Anayasayı kendinize göre okur ve ona bağlılığınızı seçilmiş cümlelerden ibaret sayarsanız, onun adına “hukuk devleti” denilmez. Hukuk devletinde kurallar, sadece yönetilenleri değil yönetenleri de bağlar. Aksi takdirde, “başkanın” ya da Osmanlıya özlemle “padişahımız efendimizin” okumasına bağlı bir Anayasa’nın adına “RecepYasa” demekte de bir mahsur yoktur.
Anayasa’da çalışanların yaşam düzeyinin yükseltilmesi, çalışanların ve işsizlerin korunması, adaletli bir ücret ve sosyal yardım elde etmelerinin sağlanması, sosyal güvenlik hakkı, sağlıklı bir çevrede yaşama hakkı, tarihi ve kültürel varlıkların korunması gibi pek çok konuda iktidarları bağlayıcı fakat işletilmeyen hükümler bulabilirsiniz.

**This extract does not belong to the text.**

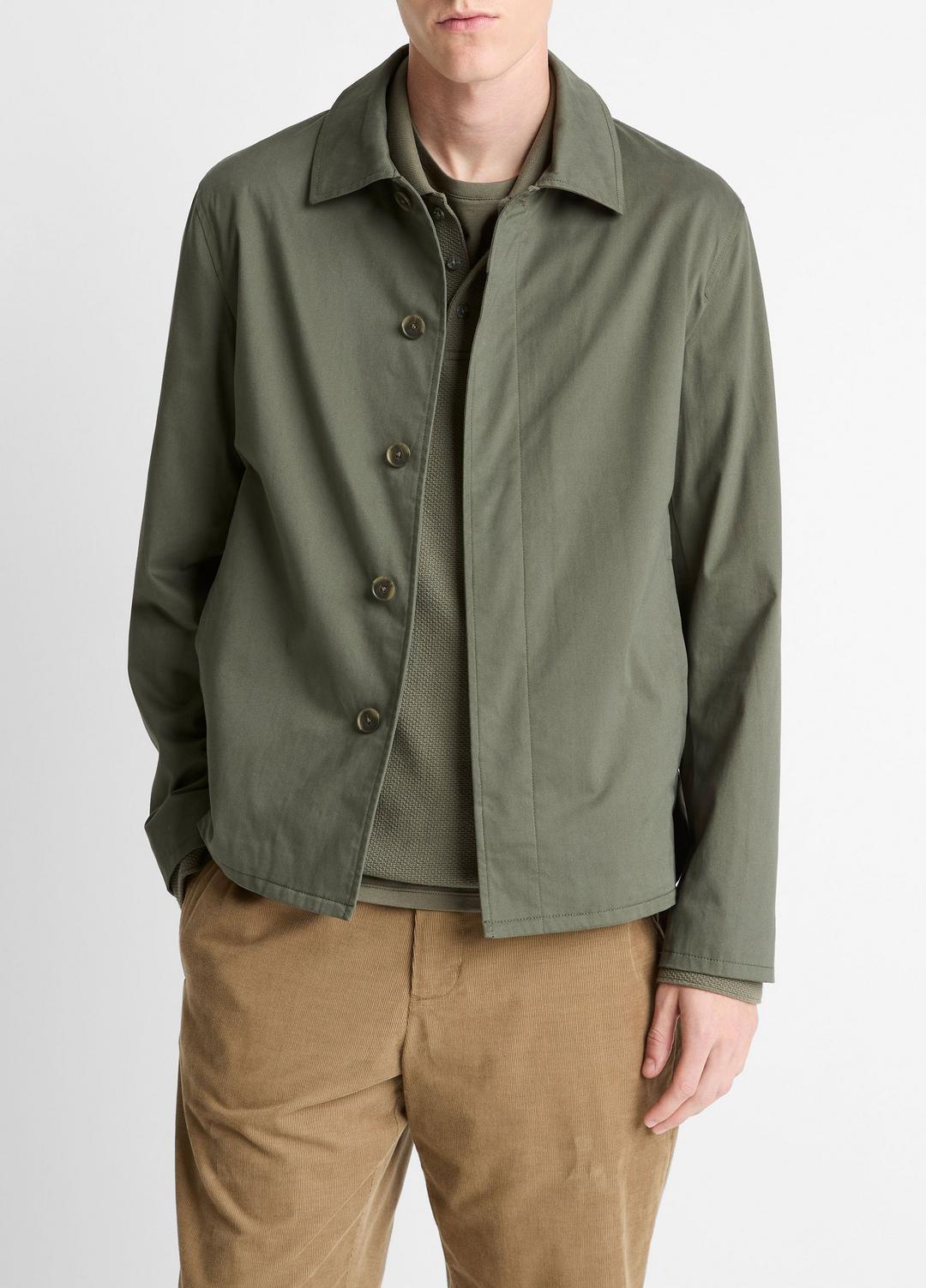 VINCE Italian Peached Stretch-Cotton Jacket in Jackets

Ancak Anayasa, “Herkes, önceden izin almadan, silahsız ve saldırısız toplantı ve gösteri yürüyüşü düzenleme hakkına sahiptir” (m.34/1) derken, Tek Adam’ın talimatıyla Taksim’deki çukuru, Silivri ve Çağlayan adliyelerindeki çalışma düzenini bahane edip, “toplantı ve gösteri yürüyüşü hakkını” kendinize göre okursanız, o okuduğunuzun adı “RecepYasa”dır.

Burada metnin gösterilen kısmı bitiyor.